Ülke, terör belasıyla sıkışmışken, hemşehrim S. A. Davutoğu, akıllara ziyan beyanatlar vermekte.
Efendim “Bu hükümet bir AKP hükümeti değil; bir seçim hükümeti imiş” yahu başbakanı AKP’li ve AKP’nin genel başkanı. En önemli bakanlıklar AKP’li, bir gecede hülle yoluyla AKP’den istifa ettirilerek bağımsızlaştırılıp kabineye alınan isimler AKP’li.
Ama hükümet AKP hükümeti değil.
Biz bu kadar mı bön ya da aptalız. Alnımız da keriz filan mı yazıyor? Neden bizim aklımızla alay ediliyor. Bizle bu kadar mı safız ya da saftirik?
Neyse.
Terör Ankara’yı, Ankara’nın göbeğinden vuruyor. 97 vatandaşımız ölüyor. Hastaneler yaralı ve ağır yaralılarla dolu. Herkes, “Bu nasıl olur? Neden önlem alınmadı? Burada bir zafiyet mi var?” sorularına cevap aramakta. MİT’in ne iş yaptığını daha doğrusu yapmadığını sorgulamakta!
Hemşehrim A. Davutoğlu açıklama yapıyor, “Bizde canlı bombaların listesi var. Amma eylem yapmadan tutuklama yapamıyoruz. Türkiye her önüne geleni tutukluyor algısı oluşsun istemiyoruz.”
Öp babayın elini. Bu ne perhiz bu ne lahana turşusu? Dam başında saksağan vur beline kazmayı.
Yahu biz çok mu aptalız, çok mu bönüz ya da çok mu malız?
“Makul Şüpheli Yasasını” kurbağalar çiftleşmesin, arılar vızıldamasın diye mi çıkarmıştınız?
Ey benim aziz okuyucularım! Terörist, ancak kendini patlatıp eylem yapınca tutuklanacakmış. Lafa bak hizaya gel! Bizi yönetenlerin, mantığına bakar mısınız? Ben üzerime bomba bağlayıp Başbakanlığın önüne varsam: eylem yapmadığım için tutuklanmayacak mıyım?
Oysa uzmanlar böyle bir girişimin bile cezasının üç ila on beş yıl olacağını söylemekteler.

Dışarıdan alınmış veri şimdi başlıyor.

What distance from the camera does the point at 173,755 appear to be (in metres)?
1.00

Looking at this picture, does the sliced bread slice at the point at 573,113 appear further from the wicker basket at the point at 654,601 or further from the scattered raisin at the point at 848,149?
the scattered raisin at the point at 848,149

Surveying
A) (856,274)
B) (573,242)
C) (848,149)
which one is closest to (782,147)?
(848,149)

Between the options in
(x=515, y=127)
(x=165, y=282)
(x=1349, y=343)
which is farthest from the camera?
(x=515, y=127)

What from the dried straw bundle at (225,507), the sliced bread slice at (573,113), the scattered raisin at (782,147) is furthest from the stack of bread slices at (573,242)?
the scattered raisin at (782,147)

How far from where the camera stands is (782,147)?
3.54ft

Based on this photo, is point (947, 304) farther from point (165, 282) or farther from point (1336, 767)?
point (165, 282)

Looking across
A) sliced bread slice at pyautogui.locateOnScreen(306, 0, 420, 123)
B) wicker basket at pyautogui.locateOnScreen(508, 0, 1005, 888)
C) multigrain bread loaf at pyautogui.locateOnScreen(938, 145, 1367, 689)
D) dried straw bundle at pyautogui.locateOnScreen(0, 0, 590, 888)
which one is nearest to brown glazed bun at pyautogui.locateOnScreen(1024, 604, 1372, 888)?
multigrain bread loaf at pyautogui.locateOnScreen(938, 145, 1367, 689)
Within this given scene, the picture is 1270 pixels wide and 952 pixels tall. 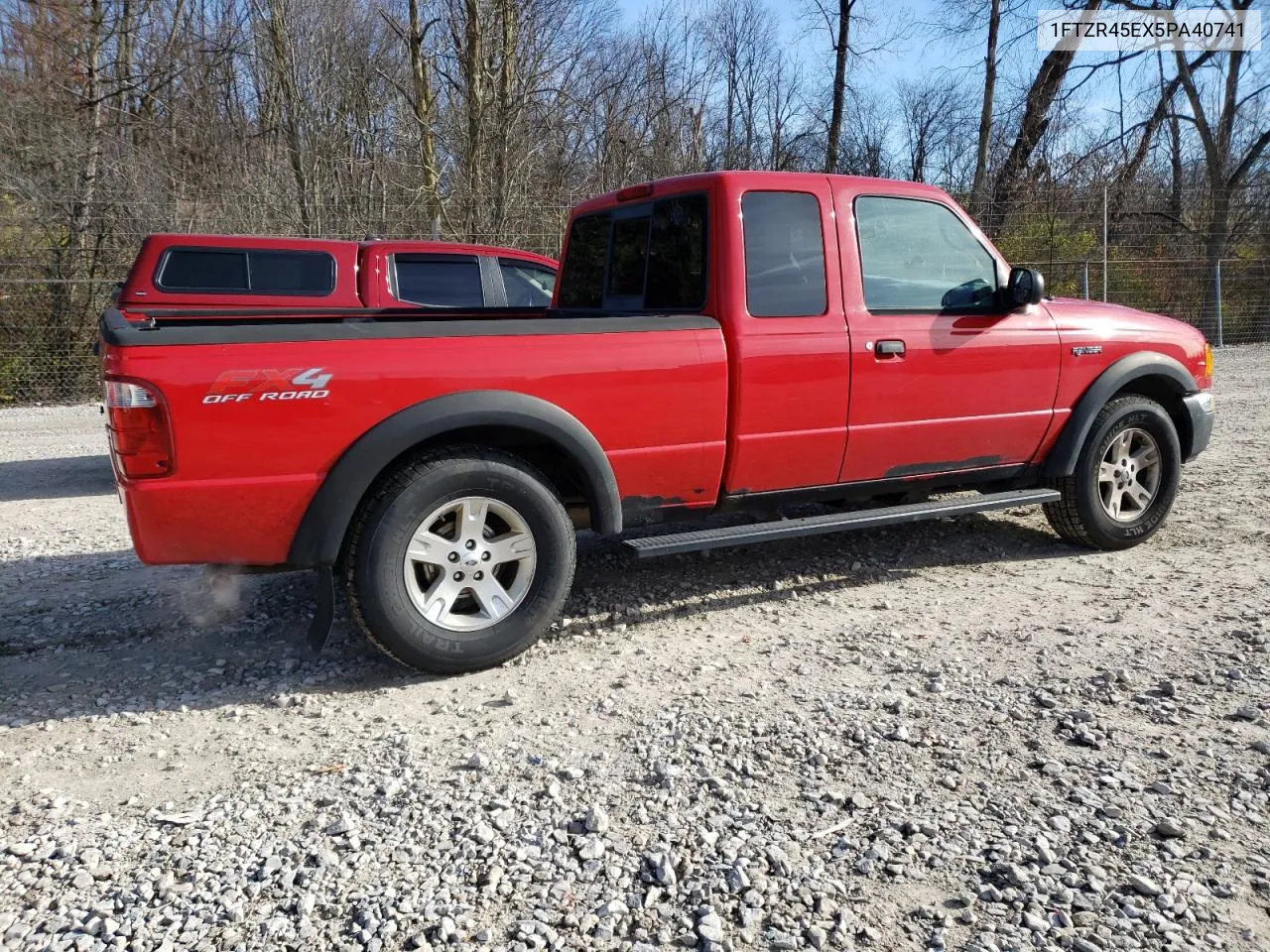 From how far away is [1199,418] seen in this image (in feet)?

Patlayan terörist, patlattığı bilyeli bomba gibi dağılmakta! Neresinden tutup da tutuklayacaksınız?
Bu “Canlı bombaları” tutuklasanız, gözaltına alsanız, deşifre etseniz olamaz mı? Terörist, “Yahu ben biliniyorum” kaygı ve korkusuna kapılmaz mı?
“Devlet beni buldu, biliyor, benim bağlantılarımı da bulmuştur.” Psikolojik baskısına kapılmaz mı?
Neden yapmıyorsunuz, neden yapılmasına izin vermiyorsunuz? Siz masum vatandaşları dinleyip, kaset siyaseti yapmaktan vaz geçip; azıcıkta devlete ve millete kast eden teröristleri dinleyip, takip etseniz daha faydalı bir icraat yapmış olmaz mısınız?
Ortada CUMHURİYET TARİHİNİN en kanlı terör olayı yaşanıyor. Yüze yakın yurttaş ölüyor. Ama ortada bir Allah’ın sorumlu kulu yok! Tuvaletini korumayan gar müdürü suçlu olmalı.
Bu ne menem bir devlet yönetmektir?
Sizler anladınız mı? Neden terör olayları önlenemiyor? Demek ki devlette bir zafiyet bir boşluk var ki; bu boşluğu terör örgütleri akıllıca kullanmaktalar.
Diyarbakır’ı terörden temizleyip, ezan okuyan polislere bir bayan: “Biz sizden yanayız, sizin (DEVLETİN) yanınızdayız. Bıktık bunların işkencelerinden” demiyor muydu?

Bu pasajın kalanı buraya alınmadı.